365 days ago, I graduated from high school. Being that I graduated from my church's homeschool co-op alongside just one other senior, it was a very special night that marked the end of an era in my life. All the potential that I had been told that I had for my entire life was about to be put to use, and I told myself that I was ready for it. I definitely was fearful and excited, but also sad and nostalgic at the constant reminders that my childhood was over and I had to move into adulthood. 

I spent the summer enjoying every moment that I could, with anticipation of the fall fueling my desire to savor every day. I took every opportunity I could to have adventures (including four trips to a dingy water park an hour and a half drive from home...) and just enjoying my friends who also would have to leave in the fall. It was a fine summer. 








 At the beginning of the semester I was faced by something that I hadn't had a lot of experience with: oppositional confrontation. I was put into a situation that I couldn't resolve just by apologizing (regardless of if I was actually at fault or not). I also made some amazing friends who have been supportive and encouraging already in the short while I've known them. My freshman experience included more fun memories and adventures than I could document in pictures, although I truly tried. 

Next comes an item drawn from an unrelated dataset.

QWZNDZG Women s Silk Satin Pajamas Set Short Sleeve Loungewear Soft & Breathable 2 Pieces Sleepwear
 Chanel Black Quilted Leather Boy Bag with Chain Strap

I made friends in my dorm-oh, excuse me, residence hall- and before long we all started going to the BCM together. That's where, spare a few lovely friends from another on-campus ministry, I made most of my friends and connected with spiritual leaders. I'm so thankful for all of them, especially because during that first semester, I had to deal with one of the hardest losses so far in my life.


My grandfather, after a week of fighting under a dozen IV's and half a dozen procedures. On top of still struggling to get accustomed to college life, my whole family struggled under the weight of accepting the potential, and ultimately inevitable, loss of him. With all the help and support in the world, and every prayer for peace that could be received, the pain of grief was still something that we had to push through. The hardest time was during that month, leading up to the holidays. The support of friends was always there, and I'm so very thankful for that. 



The next semester began with me not sure if I should be expecting the same thing, or or something entirely new. As you can expect, my second semester was entirely a new thing. While personally, I didn't go through any new trials besides the constant challenge of school work, it seems like each of my new school friends had something hard to deal with, and I had the privilege of standing by them the best way I could. I made new friends and strengthened the friendships that I already had. If I had to describe my second semester of college in one word, it would be "growth."

I think the growth that I sustained in those few months was very much catalyzed by being pulled into a discipleship group at school with my friends, led by a wonderful leader who has become very dear to my heart. In that group, we grew much closer together (spending many more hours together each week than we had initially expected) around tea and journals and the word. It was there that I was taught the method of daily devotional reading that I, by the grace of God, am still consistent in. Just having that habit placed in my life has made such a difference in my walk with the Lord. The hours of fellowship were just a bonus. 


The last few weeks of school were stressful for a myriad of reasons, and everyone around me felt the pressure. I'm beginning to learn that that's just how finals weeks will be, and I'm going to have to learn how to handle it. I learned to trust God by failing to trust Him and stressing myself nearly to sickness. God was faithful anyway. My fear of failing classes turned out to be just as irrational as everyone was telling me it was. All I wanted was to finish the semester and go home, and as surely as time passes, my wish came, but not after a bittersweet trip to the airport to say farewell to one of those close discipleship friends.


In the weeks since I've been home, I've had another lesson in trusting God, alongside a lesson of seeing how much He could do through me. I've had a few consistent things on my prayer list. One of them is for Him to provide me with a job, and the other to provide me opportunities to minister where I am. I've been given a scripture that's been walking me through this time:

Thus says the Lord,
    your Redeemer, the Holy One of Israel:
“I am the Lord your God,
    who teaches you to profit,
    who leads you in the way you should go.
Isaiah 48:17

And so, there's a simple reflection of what the year since graduation has been like. It's been long, and it's been hard, but it's also had some of the best times of my life so far. As cliche as this is, I'm incredibly excited to see what the Lord has in store for the next year. 

I will sing of the mercies of the Lord forever;
With my mouth will I make known Your faithfulness to all generations.